SAS provides us with a good definition of “predictive analytics”, so that we don’t have to reinvent the wheel. According to the expert, predictive analytics “is the use of data, statistical algorithms and machine learning techniques to identify the likelihood of future outcomes based on historical data. The goal is to go beyond knowing what has happened to providing a best assessment of what will happen in the future.”
To no surprise, many analytics experts believe that the time for the technology has finally come. “With interactive and easy-to-use software becoming more prevalent, predictive analytics is no longer just the domain of mathematicians and statisticians. Organizations worldwide are turning to predictive analytics to increase their bottom line and competitive advantage”, SAS affirms.

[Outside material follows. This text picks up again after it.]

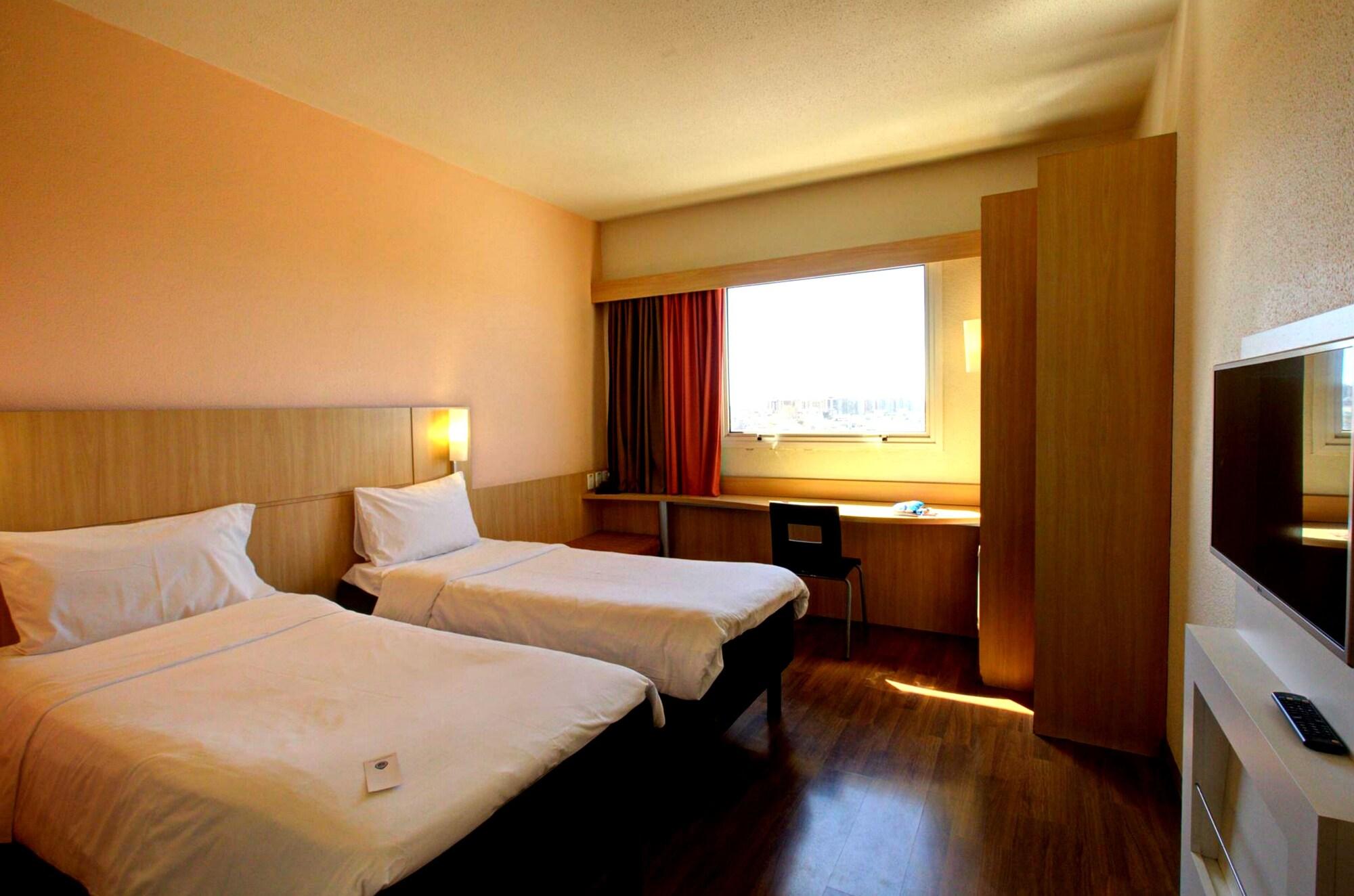 Ibis Vitoria Praia Do Canto Zewnętrze zdjęcie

Some of the most common uses SAS identified include:
- Improving operations. Many companies use predictive models to forecast inventory and manage resources: For instance, airlines use predictive analytics to set ticket prices or hotels try to predict the number of guests for any given night to maximize occupancy and increase revenue. In a nutshell, predictive analytics enables organizations to function more efficiently.
- Optimizing marketing campaigns. Predictive analytics are used to determine customer responses or purchases, as well as promote cross-sell opportunities. Predictive models help businesses attract, retain and grow their most profitable customers.
- Detecting fraud. Combining multiple analytics methods can improve pattern detection and prevent criminal behavior. As cybersecurity becomes a growing concern, high-performance behavioral analytics examines all actions on a network in real time to spot abnormalities that may indicate fraud, zero-day vulnerabilities and advanced persistent threats.
- Reducing risk. Credit scores are used to assess a buyer’s likelihood of default for purchases and are a well-known example of predictive analytics. A credit score is a number generated by a predictive model that incorporates all data relevant to a person’s creditworthiness. Other risk-related uses include insurance claims and collections.
Finally, “businesses across a wide range of industries are beginning to realize what large financial institutions have known for years: Predictive analytics has the power to significantly improve the bottom line. From better targeting and risk assessment to streamlining operations and optimizing business decisions, predictive analytics can help any organization gain and maintain a competitive edge”, SAS concludes.